To understand Anna Karenina, Mellors, Molly Bloom, Dante, Romeo, Juliet and Bridget Jones you must also have loved and lost and won. To understand sport in the greatest arenas of them all you too must have played and lost and won, known shame, hope, joy, horror and glory.
Simon Barnes has taken part in seven summer Olympic Games, five World Cups and ten Ashes series. Well, not exactly taken part, but certainly he was there and writing hard. And always, behind every victory and every defeat he ever recorded, there was the reference of his own sporting career, in which the bitter beauties of failure were occasionally varied with the intoxication of success.
At school he was at least at first the opposite of a rebel without a cause: he was a sporting fool in search of a game he could excel at, alas finding none.

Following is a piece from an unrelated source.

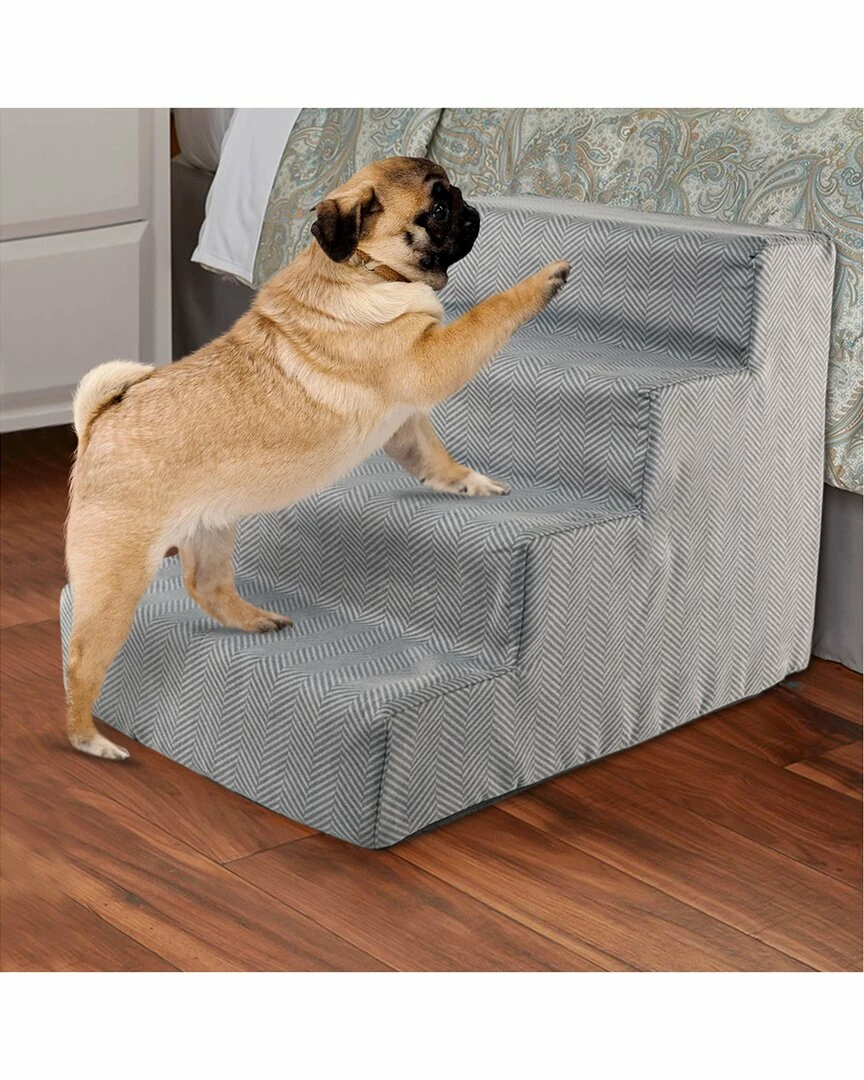 Precious Tails Herringbone High Density Foam 4 Steps Pet Dog Stairs Home Pet Supplies 4 Precious Tails Herringbone High Density Foam 4 Steps Pet Dog Stairs Home Pet Supplies - Image 2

When he was nine he thought he would somehow be miraculously good at sport. Sadly he never was. But the sporting fool within him never died and in his late 20s he tried again a second sporting career, in which the triumph of hope over experience was more or less a rout. The dream had only slightly modified: he now thought he would be somehow be miraculously competent.
So he co-founded a football team and at last found himself the first-choice goalkeeper. Then he co-founded a cricket team, on the grounds that by doing so he would always be sure of a game. And at the same time, he got horsiness and discovered he was actually quite good at riding in competition.
All these adventures taught him about sport: why we do it, what is required to be very good at it. He learned about the relationship of physical and mental skills, about fear and courage and physical pain. He learned about funk, about Zen-like calm, about the team thing, about the “me” thing. His sporting failure has been a joyous and profoundly informative part of his life, and here he tells the story of it.